Repeat the entries below word for word, though any picture in them should be dropped.

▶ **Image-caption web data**
Start of Block

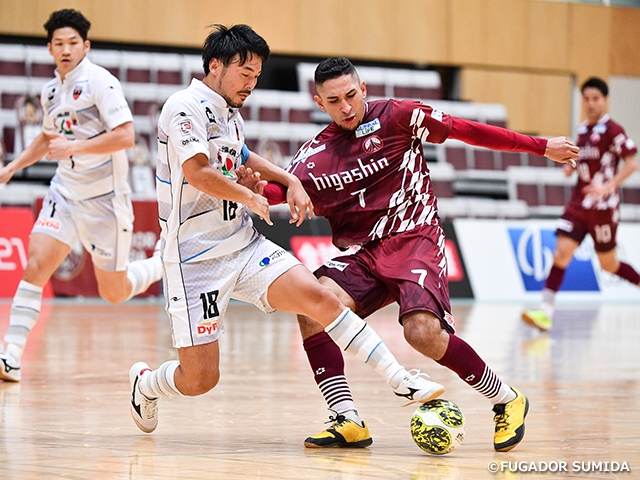 すみだのホーム開幕戦での打ち合いは決着つかず。大阪と勝点を分ける【Ｆリーグ2020-2021 ディビジョン1】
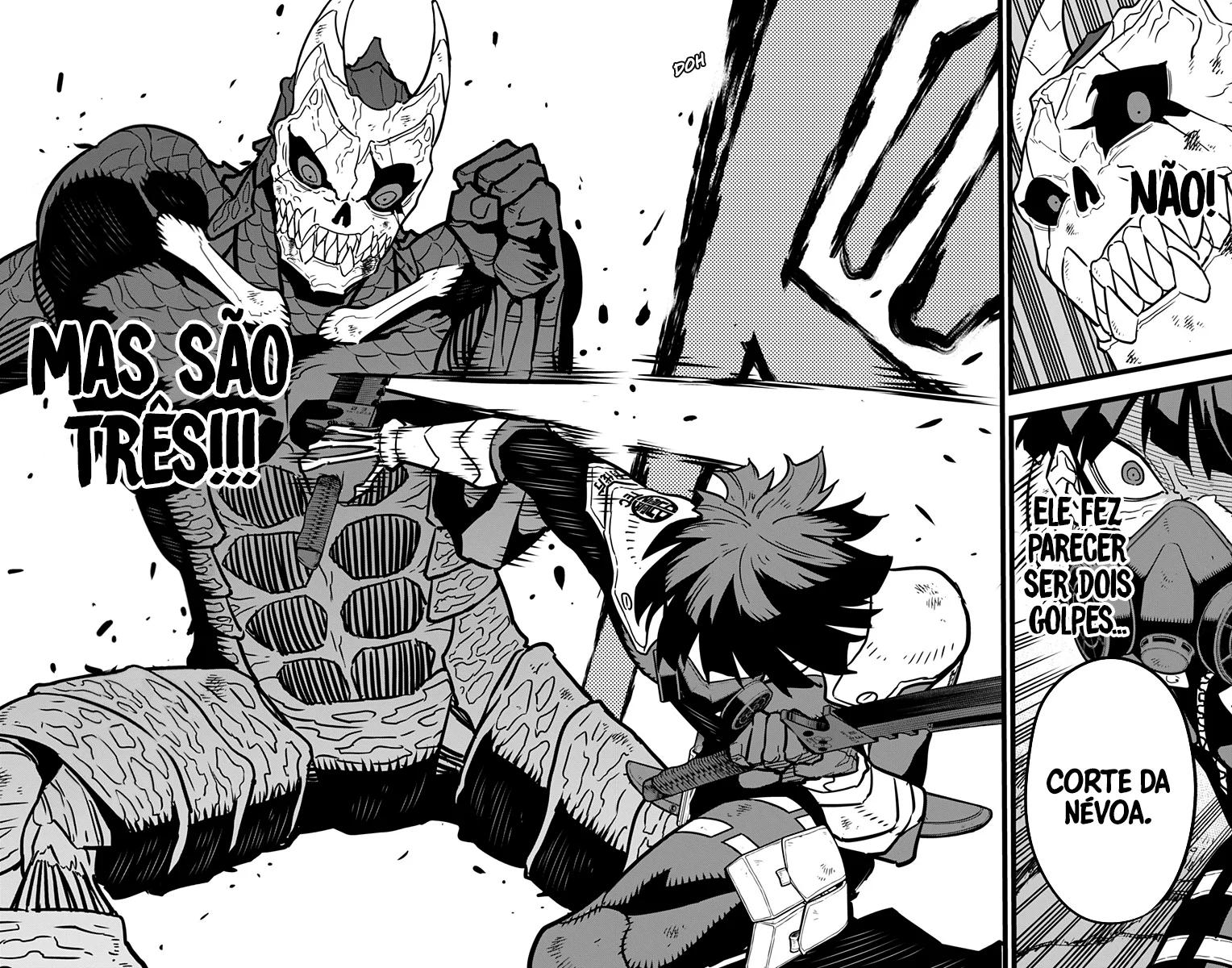 Read Kaiju No.8 PT-BR Manga Online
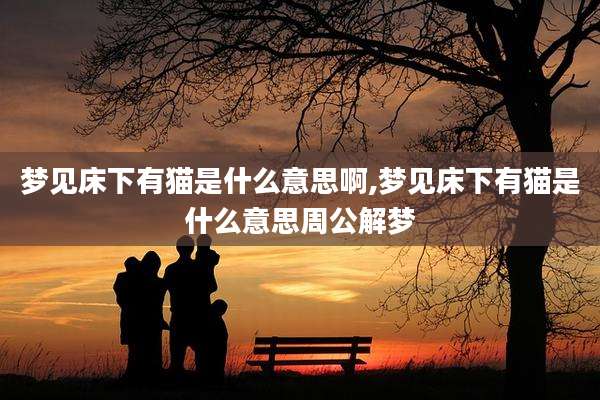 梦见床下有猫是什么意思啊,梦见床下有猫是什么意思周公解梦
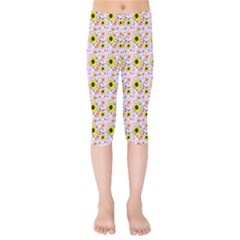 Hawaii Ghost Lilac Kids  Capri Leggings  by snowwhitegirl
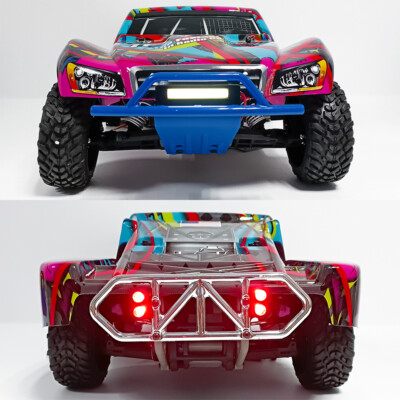 Vorne + Hinten Beleuchtung LED Lich für 1/10 Traxxas SLASH 2wd RC Crawler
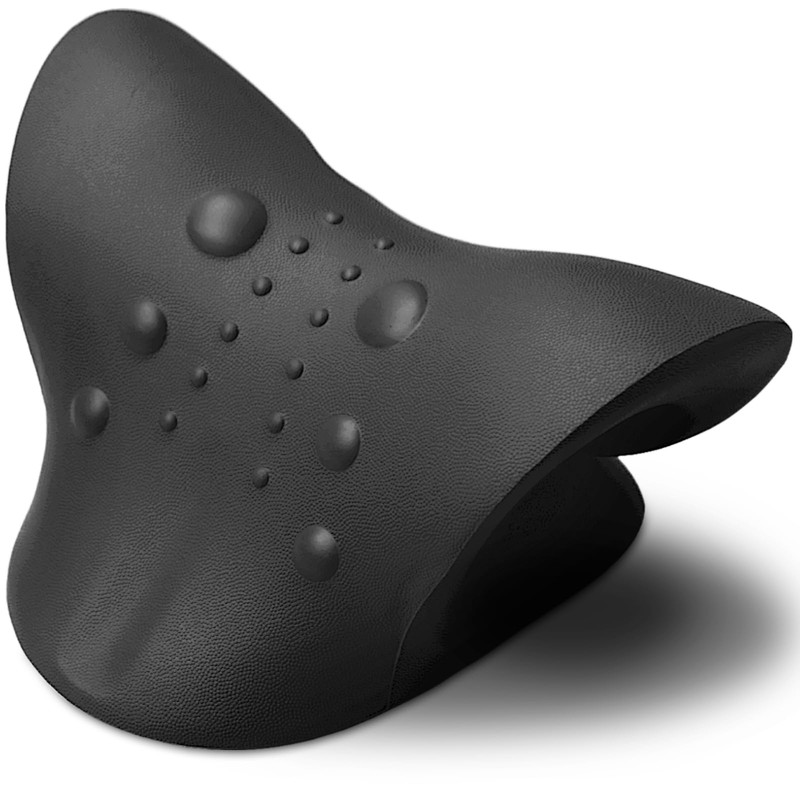 EZSIDE Neck Stretcher, Relaxation Pillow for Neck (Black)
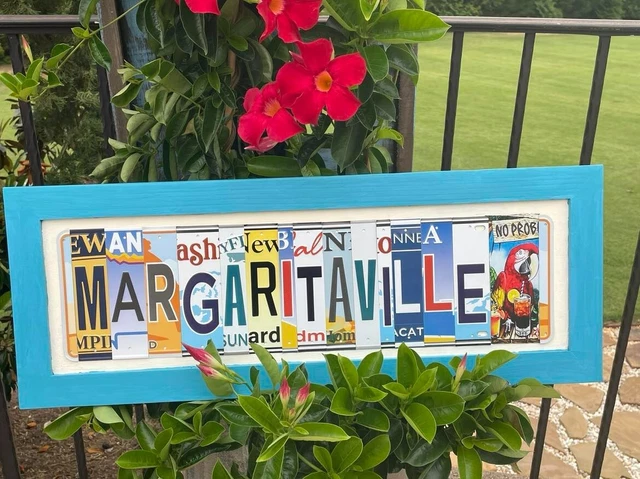 Margaritaville Metal Sign: Tropical Parrot Beach Decor Bar Pub Man Cave Gift NEW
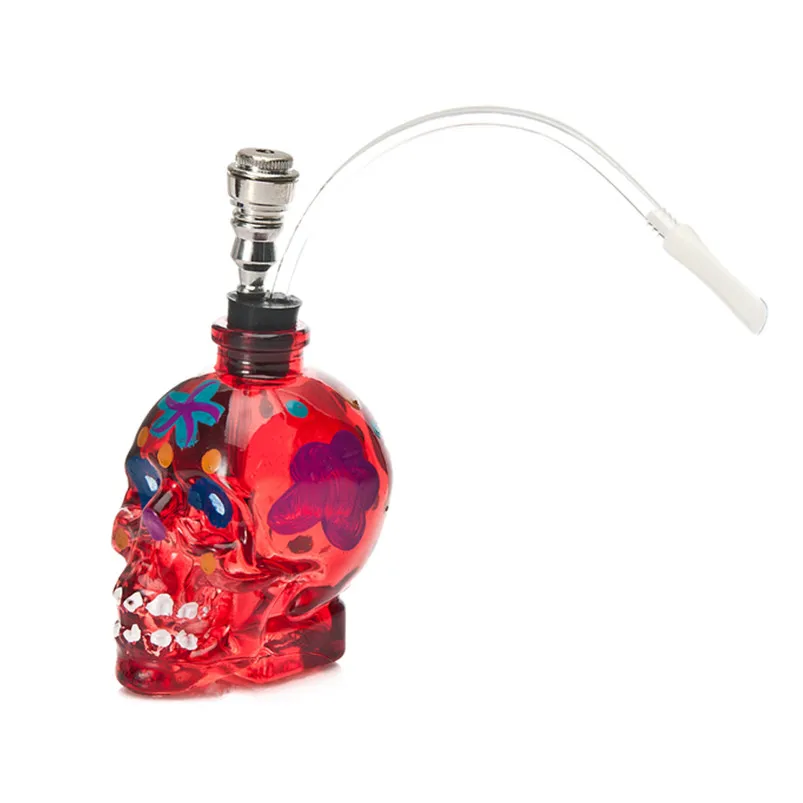 1 шт. цветной рисунок стеклянный Призрак Череп стильный табачный наргиле кальян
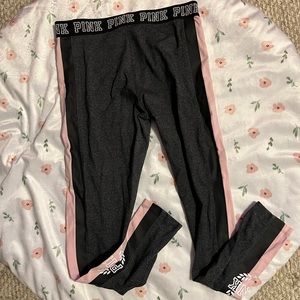 Victoria’s Secret pink gray leggings medium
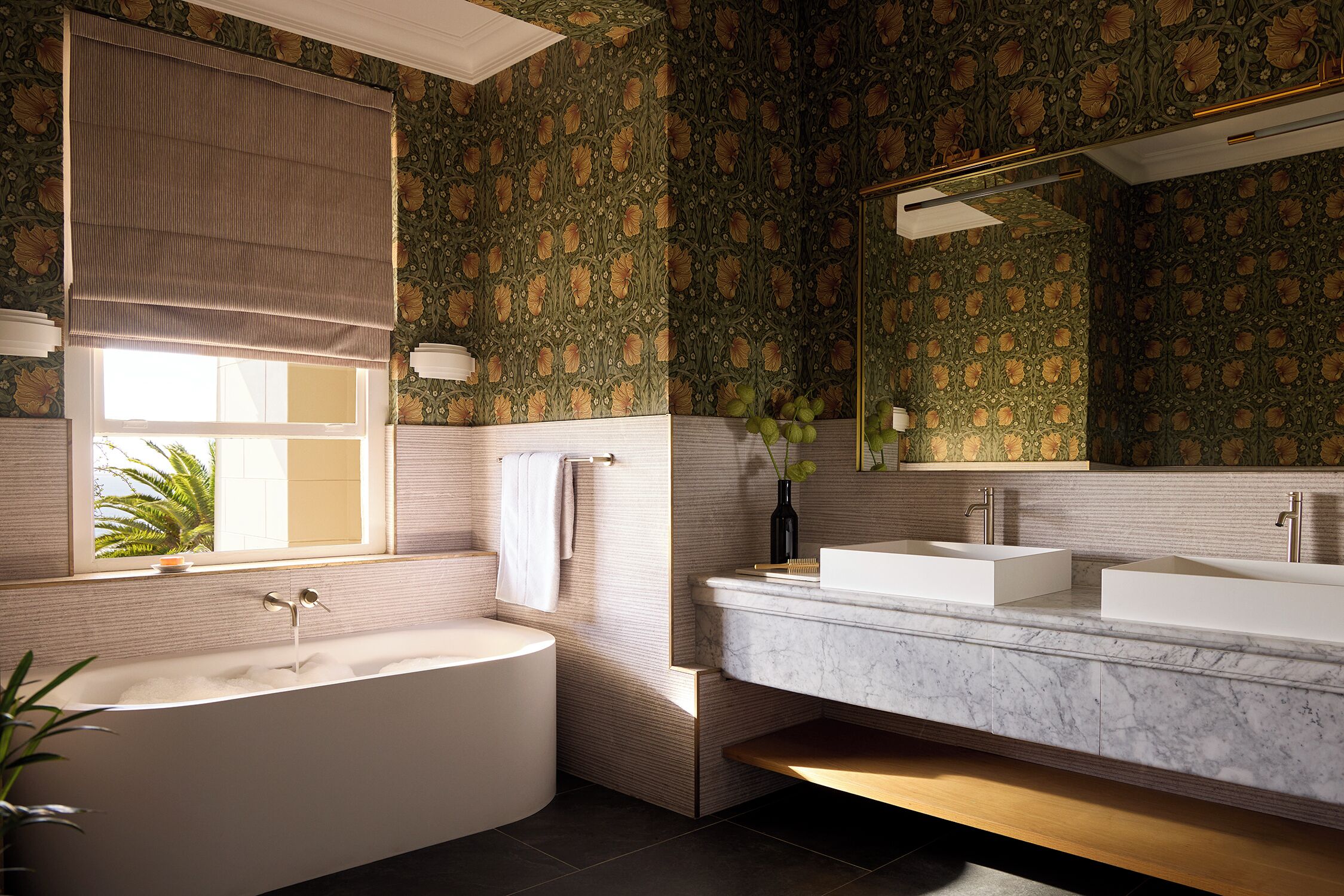 Habitación Deluxe (House) | Baño | Amenidades de baño gratuitas, secadora de cabello, batas, pantuflas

End of Block

▶ **Exercise output**
 すみだのホーム開幕戦での打ち合いは決着つかず。大阪と勝点を分ける【Ｆリーグ2020-2021 ディビジョン1】
 Read Kaiju No.8 PT-BR Manga Online
 梦见床下有猫是什么意思啊,梦见床下有猫是什么意思周公解梦
 Hawaii Ghost Lilac Kids  Capri Leggings  by snowwhitegirl
 Vorne + Hinten Beleuchtung LED Lich für 1/10 Traxxas SLASH 2wd RC Crawler
 EZSIDE Neck Stretcher, Relaxation Pillow for Neck (Black)
 Margaritaville Metal Sign: Tropical Parrot Beach Decor Bar Pub Man Cave Gift NEW
 1 шт. цветной рисунок стеклянный Призрак Череп стильный табачный наргиле кальян
 Victoria’s Secret pink gray leggings medium
 Habitación Deluxe (House) | Baño | Amenidades de baño gratuitas, secadora de cabello, batas, pantuflas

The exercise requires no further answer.